[[ PROVIDED ENTRIES open ]]
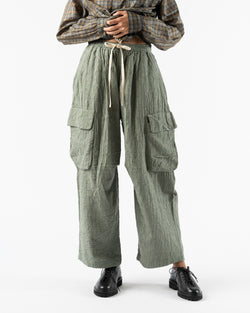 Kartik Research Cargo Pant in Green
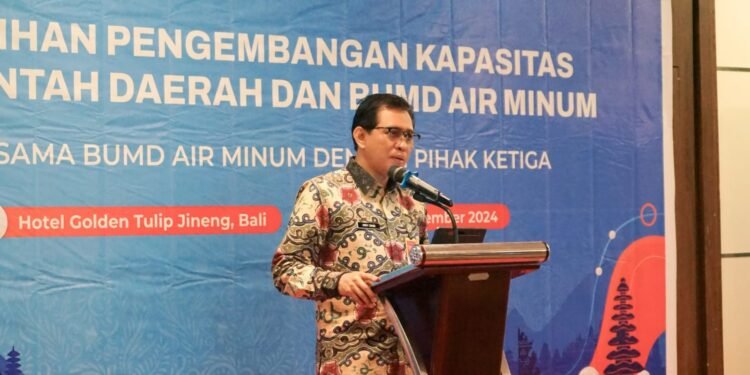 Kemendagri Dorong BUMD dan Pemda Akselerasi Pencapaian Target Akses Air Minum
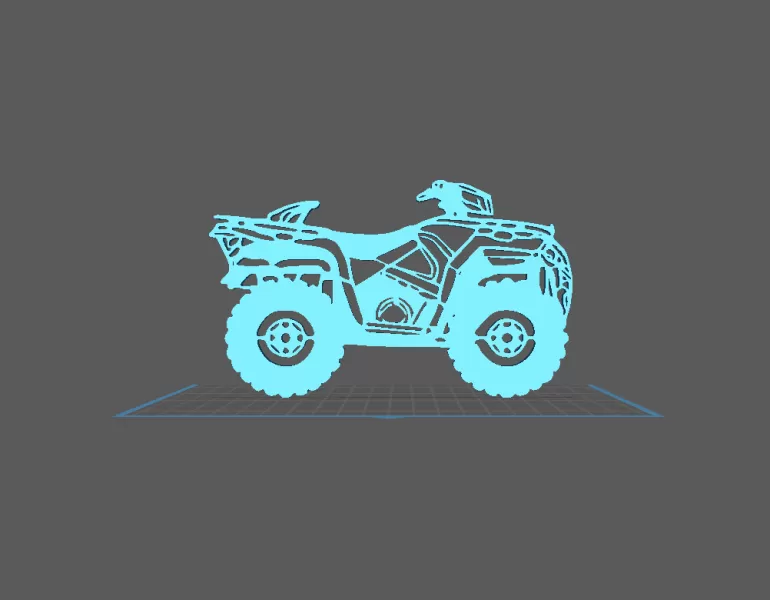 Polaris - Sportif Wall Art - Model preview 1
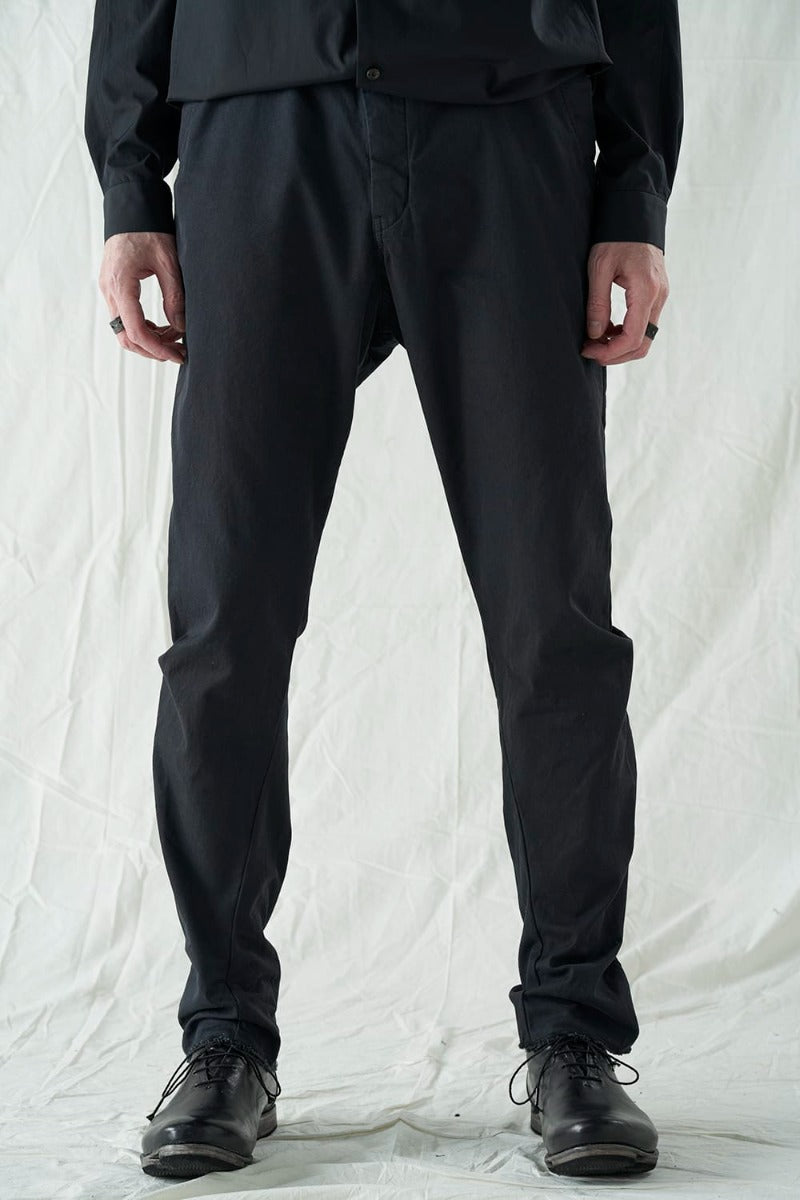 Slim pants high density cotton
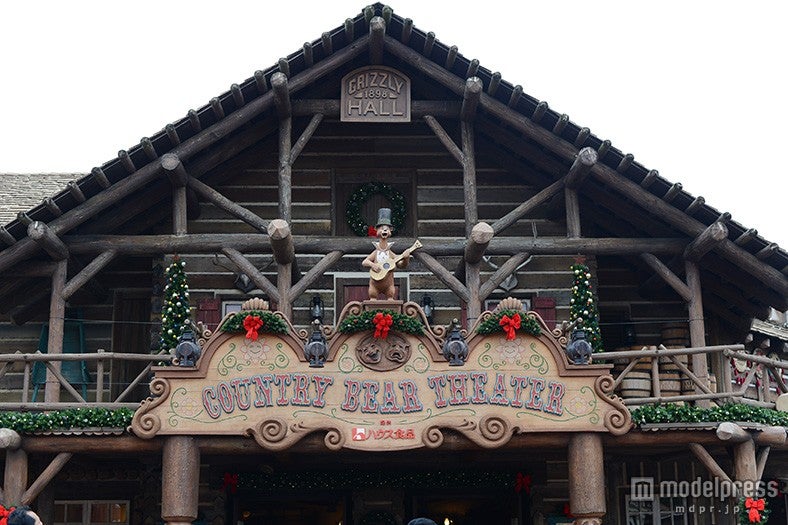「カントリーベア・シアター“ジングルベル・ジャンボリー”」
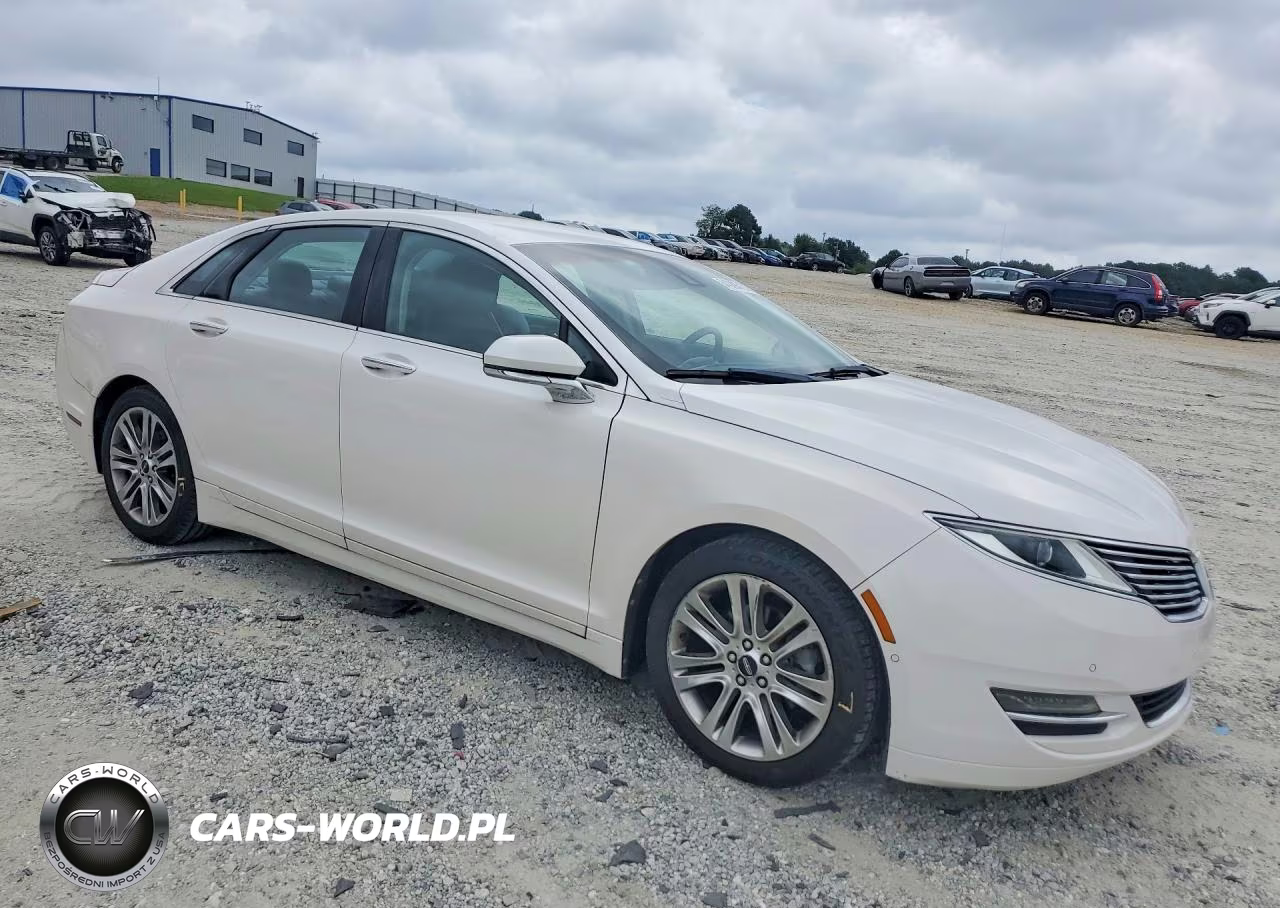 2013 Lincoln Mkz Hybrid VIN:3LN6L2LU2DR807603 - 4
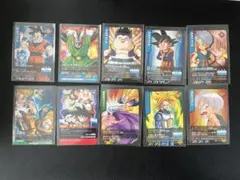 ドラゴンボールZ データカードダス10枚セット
[[ PROVIDED ENTRIES closed ]]
[[ PROVIDED ENTRIES open ]]
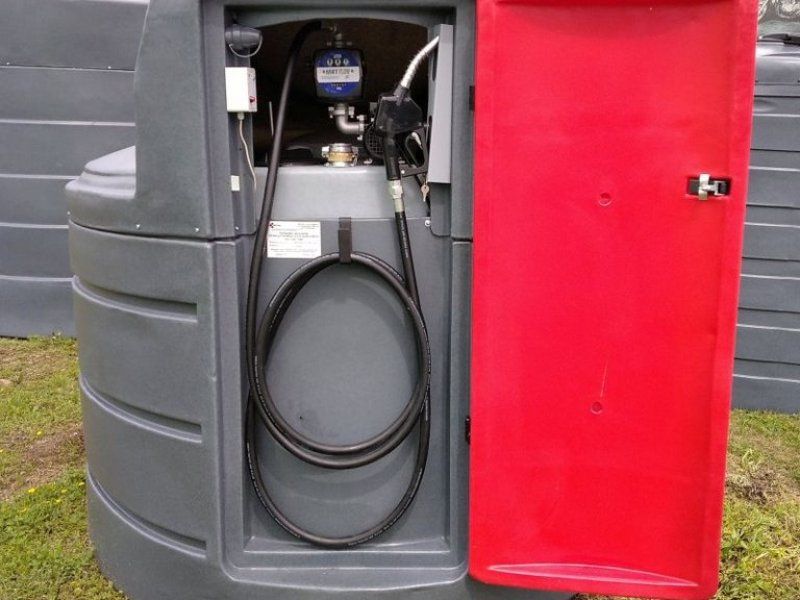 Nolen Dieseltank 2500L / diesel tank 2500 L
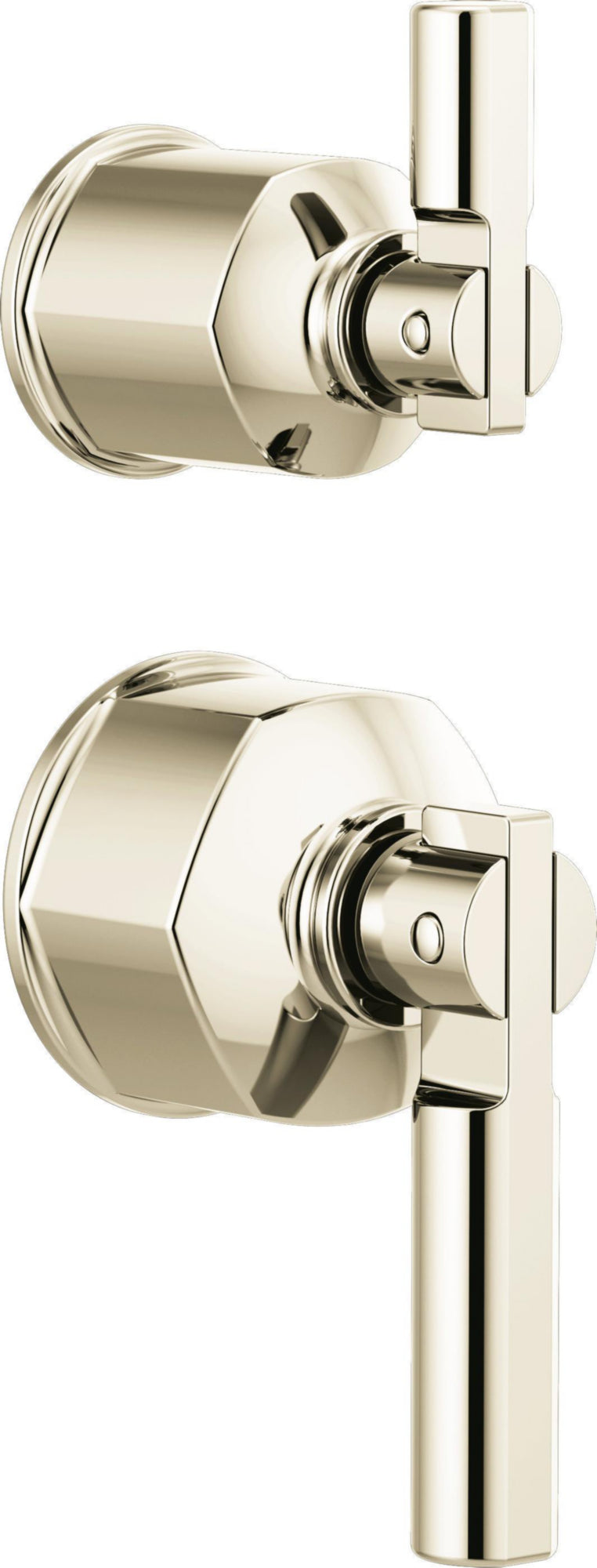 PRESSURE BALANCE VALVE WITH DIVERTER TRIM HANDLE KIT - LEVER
[[ PROVIDED ENTRIES closed ]]
_PROBLEM TO SOLVE_
With the pictures omitted, restate word for word the lines above from the line that has "Kemendagri Dorong BUMD" up to and including the line that has "ドラゴンボールZ データカードダス10枚セット", and no other lines.

_RESULT OF THIS EXERCISE_
 Kemendagri Dorong BUMD dan Pemda Akselerasi Pencapaian Target Akses Air Minum
 Polaris - Sportif Wall Art - Model preview 1
 Slim pants high density cotton
「カントリーベア・シアター“ジングルベル・ジャンボリー”」
 2013 Lincoln Mkz Hybrid VIN:3LN6L2LU2DR807603 - 4
 ドラゴンボールZ データカードダス10枚セット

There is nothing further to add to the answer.